A new report has revealed how legacy tools, data silos and leadership gaps are stalling the progress of implementing AI in product development workflows.
The 2025 State of Engineering AI report, published by SimScale in partnership with Global Surveyz, surveyed 300 senior engineering leaders from enterprises with over 1,000 employees across the US, UK and Germany, across six core industries: industrial machinery, automotive, electronics, life sciences, energy, and AEC.
The report is one of the first clear benchmarks of AI readiness in the engineering sector – highlighting the cultural, process, and technology barriers that remain in place despite soaring expectations.
In the report, 93% of the engineering leaders interviewed expect AI to deliver productivity gains, with 30% anticipating very high gains. But just 3% report achieving that level of impact today.
55% cite siloed data and 42% cite legacy desktop CAE tools as major blockers of advancement.
Organisations using cloud-native simulation tools are reported to be three-times more likely to have mature AI programs and six-times more likely to have clean, centralised data necessary critical for scaling AI. They are also twice as confident in achieving AI goals within the next 12 months.

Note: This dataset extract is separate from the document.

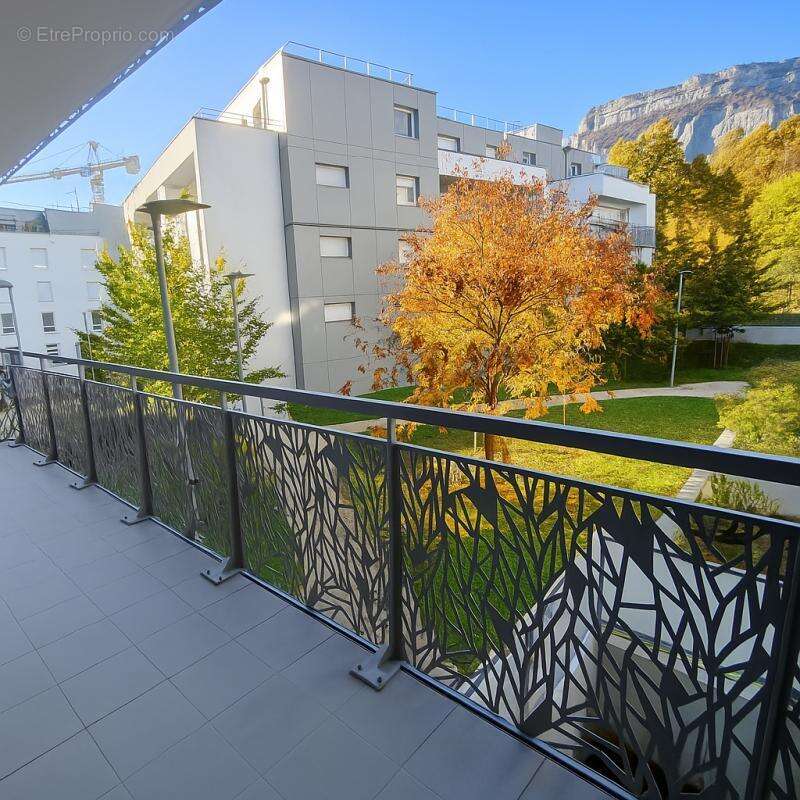 Appartement à MEYLAN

A leadership misalignment is labelled as slowing progress, with 42% of CTOs suggesting resistance to AI adoption within their organisation’s technical teams, while engineer team leaders themselves report resistance just 29% of the time, suggesting technical teams are more open, ready, and motivated to adopt AI than leadership assumes.
“Engineering leaders see the potential of AI, but knowing isn’t doing,” said Simscale CEO David Heiny. “The challenge is no longer about believing in AI’s promise, but about overcoming the very real systemic blockers that stop teams from scaling it successfully.”

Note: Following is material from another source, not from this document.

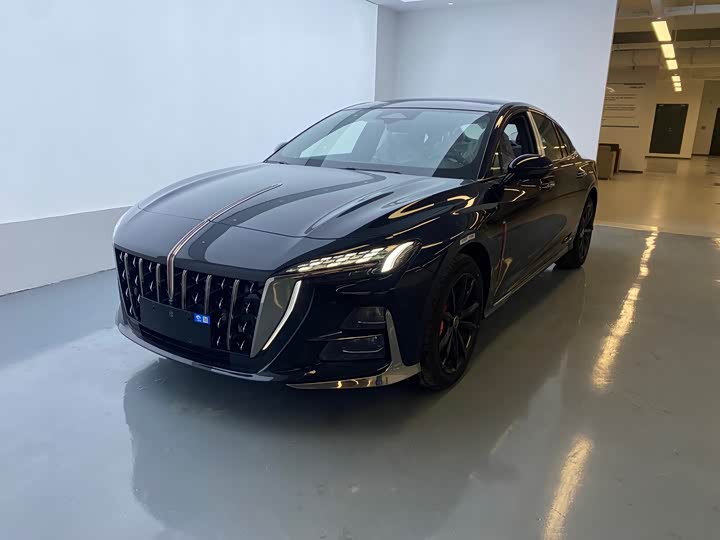 2025 Hongqi H6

The ‘3% Club’ attaining benefits from AI in their workflows today offer the following trends – building and integrating AI agents directly into live workflows, not as bolt-on tools, but as embedded decision-makers at setup, evaluation, and optimisation stages. Virtual prototypes are tested in low-risk settings, but move quickly to real-world, in-the-loop deployment.

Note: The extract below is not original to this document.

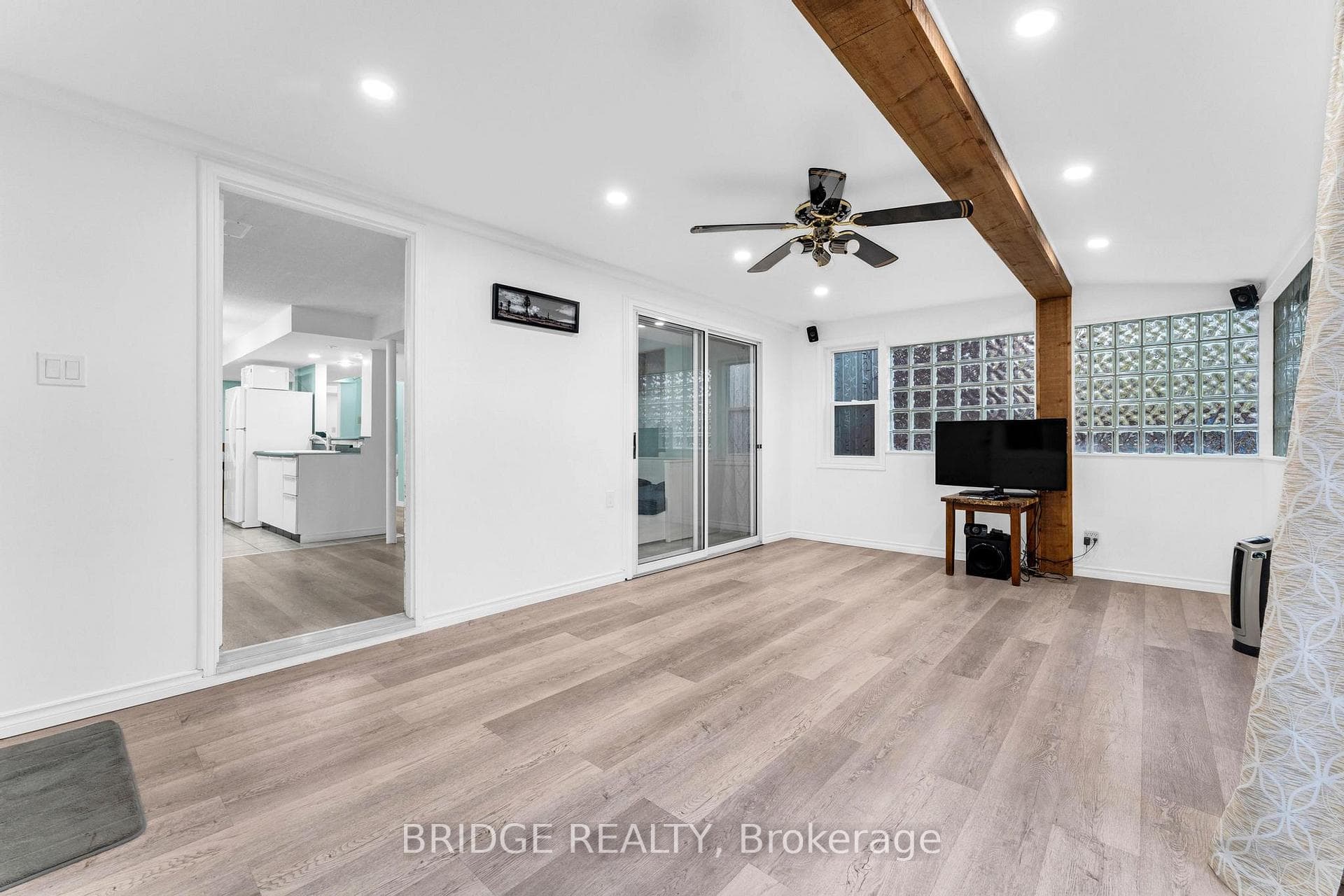 61 D'AUBIGNY Road photo 32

By treating data and models as infrastructure – logging and versioning everything in a set, clear fashion – they allow AI to be scaled, trusted, and portable across their tools and processes.
Jon Wilde, VP of product at SimScale concluded that forward thinking teams are proving AI can deliver significant changes in innovation and performance. “The execution gap for others is not technical feasibility – it’s architectural and organisational readiness.
“Now it’s about helping those companies make that leap with confidence before the gap becomes too wide to close.”